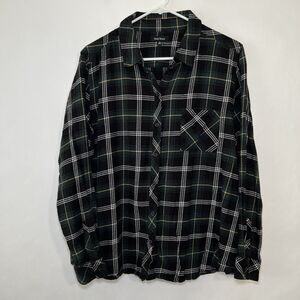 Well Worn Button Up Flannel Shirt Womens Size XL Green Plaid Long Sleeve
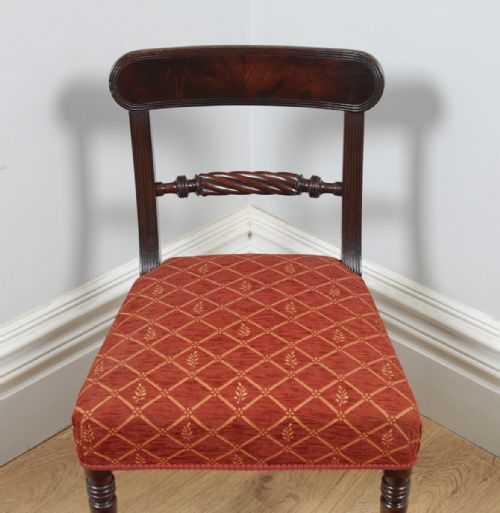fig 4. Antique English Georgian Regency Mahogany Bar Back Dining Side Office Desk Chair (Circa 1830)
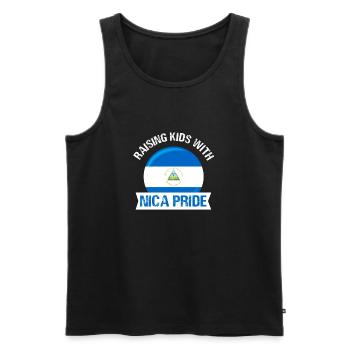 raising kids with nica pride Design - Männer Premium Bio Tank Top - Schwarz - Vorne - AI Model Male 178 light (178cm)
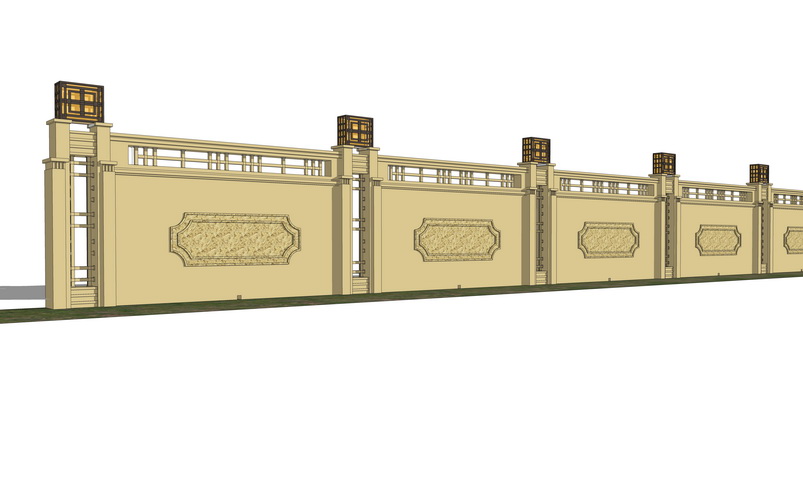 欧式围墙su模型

Task goal: Your copy should begin at the line containing "raising kids with" and end at the last line of the data above, matching each line exactly and holding no pictures.

Answer to the problem:
 raising kids with nica pride Design - Männer Premium Bio Tank Top - Schwarz - Vorne - AI Model Male 178 light (178cm)
 欧式围墙su模型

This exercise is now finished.